Funny that green brick and red aoto are the answers. $50 or $200. I think it was Eamon that posted a video about the green brick leaving nice knives skating on food. 

I have both. My knives go JNS 1000 to red aoto. Everybody else's knives go DMT XC to green brick. You may find yourself skipping the 1200 to keep the toothy if you go the green brick route. If you are thinking about the red aoto and are saying things to yourself like "this is the only natural stone I will ever need or want" then please realize that you are lying to yourself. If you don't want a second obsession don't go natural. They are that much more fun.

Red Aoto:

http://www.japanesenaturalstones.com/Red-Aoto-p/1310.htm


----------



## jai (May 24, 2013)

i have been looking at green brick but havent found one for sale at all


----------



## labor of love (May 24, 2013)

jai said:


> i have been looking at green brick but havent found one for sale at all


i just sold mine cheap in BST


----------



## tk59 (May 24, 2013)

You do not need another stone. Spend less time on the Rika and apply less pressure or do as Pesky suggested and go straight to the strop. If you want another stone just 'cause you want to, that's a different story and welcome to my world.


----------



## Dusty (May 24, 2013)

Although tell your wife that you *NEED* another stone... 

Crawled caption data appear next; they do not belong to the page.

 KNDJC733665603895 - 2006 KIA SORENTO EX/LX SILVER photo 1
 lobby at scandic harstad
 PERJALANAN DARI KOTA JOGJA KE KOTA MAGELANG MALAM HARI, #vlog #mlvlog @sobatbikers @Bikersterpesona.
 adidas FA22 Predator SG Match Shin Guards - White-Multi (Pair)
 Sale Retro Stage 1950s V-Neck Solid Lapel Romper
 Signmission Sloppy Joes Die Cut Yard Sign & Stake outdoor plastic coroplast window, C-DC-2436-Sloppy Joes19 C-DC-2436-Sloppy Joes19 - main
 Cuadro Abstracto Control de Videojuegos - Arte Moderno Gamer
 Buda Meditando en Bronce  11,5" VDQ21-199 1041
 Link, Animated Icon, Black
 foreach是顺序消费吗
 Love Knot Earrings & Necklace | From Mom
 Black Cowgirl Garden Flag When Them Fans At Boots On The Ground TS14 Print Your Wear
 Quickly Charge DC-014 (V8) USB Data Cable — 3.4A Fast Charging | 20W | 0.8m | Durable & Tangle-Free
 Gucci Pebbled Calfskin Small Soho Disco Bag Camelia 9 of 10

...at least that's what I do.


----------



## TheDispossessed (May 24, 2013)

labor of love said:


> im a little surprised i havent read a single gesshin 2k recommendation yet. anybody?



hell yeah gesshin 2k all day, love that stone. if i had one stone that'd be it.


----------



## NO ChoP! (May 24, 2013)

Maybe try going Rika, then drop back down to the 1200 and do a few back strops...

I use the 700 to green brick, but really out of laziness to not soak four stones; but it works.


----------



## sharkbite111 (May 24, 2013)

Search naniwa aotoshi on google....they're in stock

Chris


----------



## tk59 (May 24, 2013)

TheDispossessed said:


> hell yeah gesshin 2k all day, love that stone. if i had one stone that'd be it.


That's a great stone and prob my favorite soaker in that range. It's fast, hard enough but not too hard, esp for western style knives.


----------



## Benuser (May 24, 2013)

How does it compare to the Chosera?


----------